Pictures in the data below are not part of the copy; transcribe everything else exactly.

■ Data section ■
++++++++

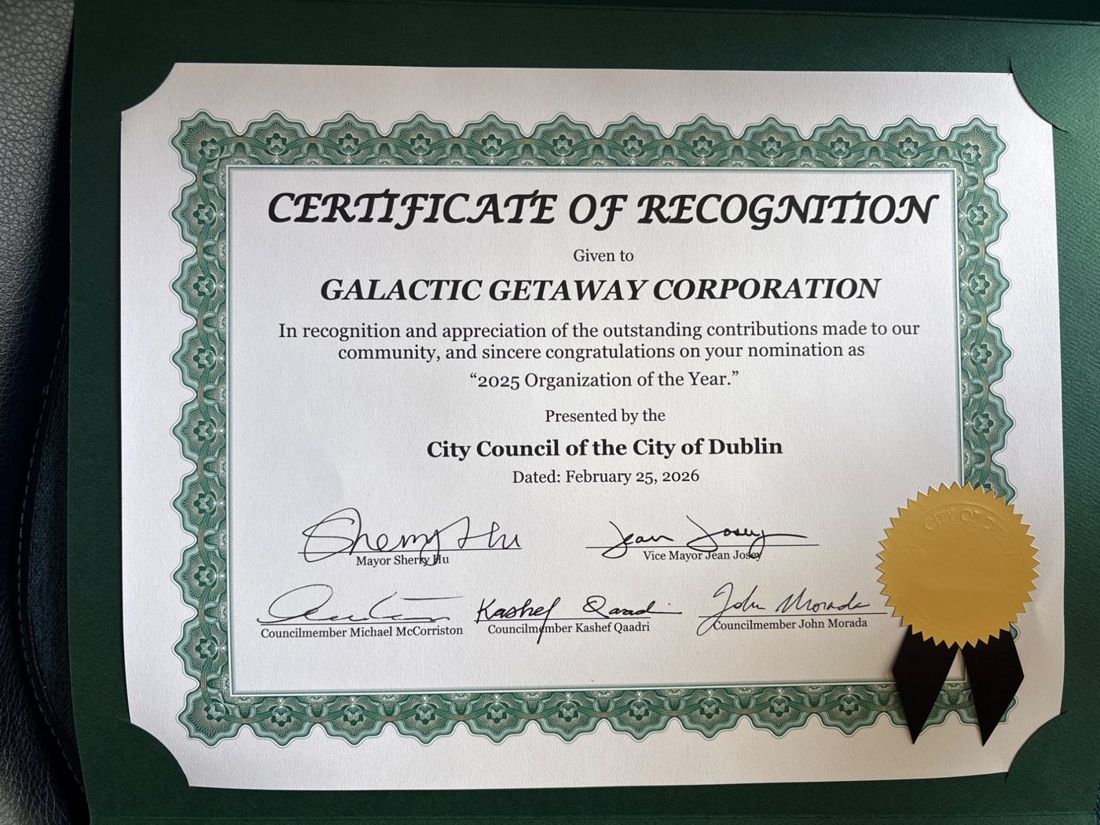 City Council of the City of Dublin Certificate of Recognition to Galactic Getaway Corporation for 2025 Organization of the Year nomination
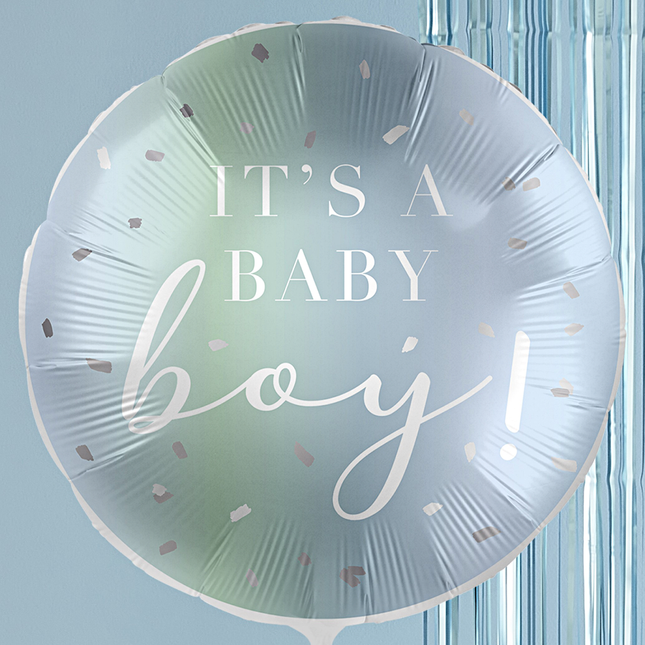 folieballon blauw ombre effect met witte tekst its a baby boy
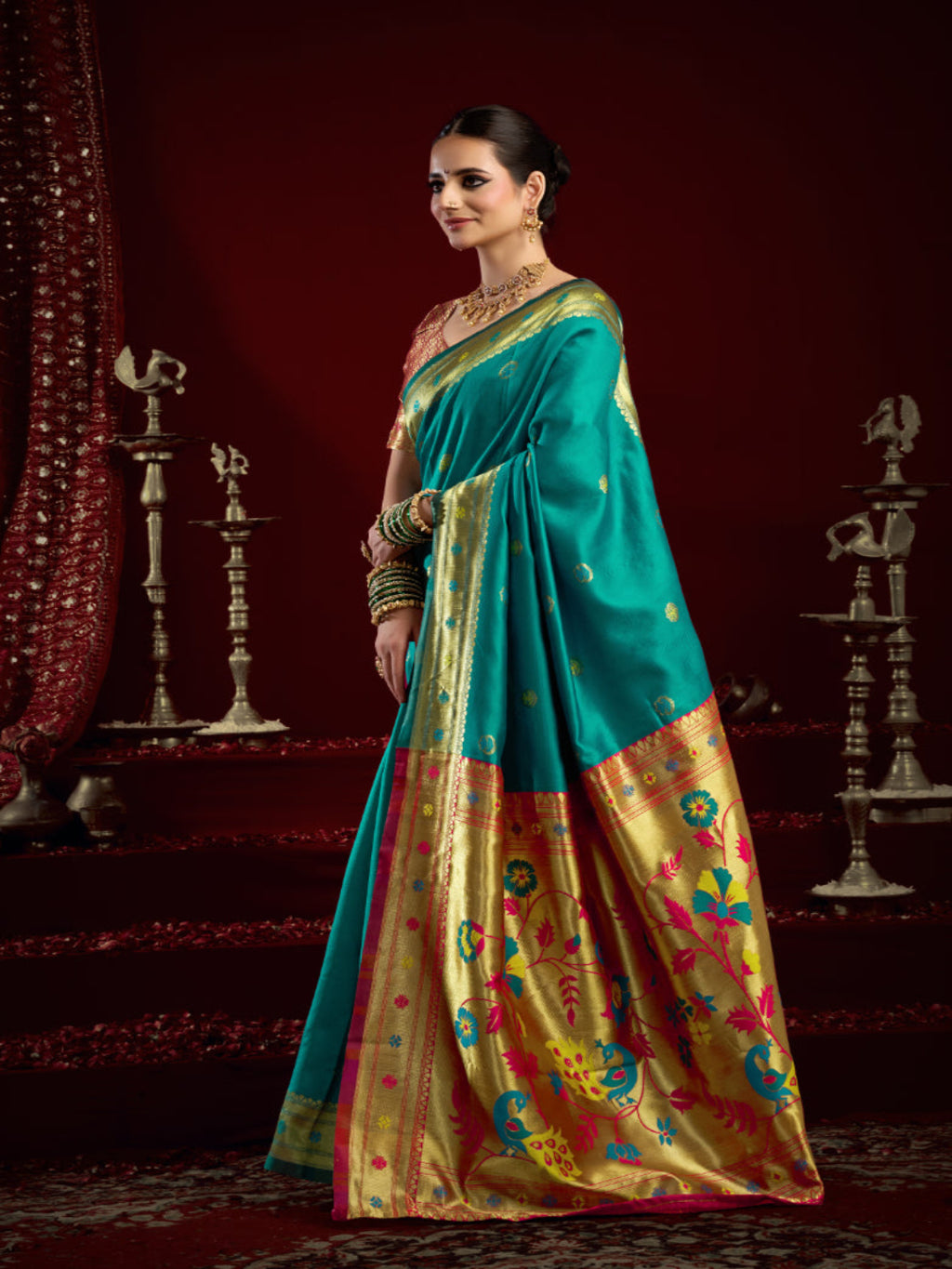 "The Golden Glow of Tradition silk bland butti weaving Paithani saree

++++++++

■ Answer ■
 City Council of the City of Dublin Certificate of Recognition to Galactic Getaway Corporation for 2025 Organization of the Year nomination
 folieballon blauw ombre effect met witte tekst its a baby boy
 "The Golden Glow of Tradition silk bland butti weaving Paithani saree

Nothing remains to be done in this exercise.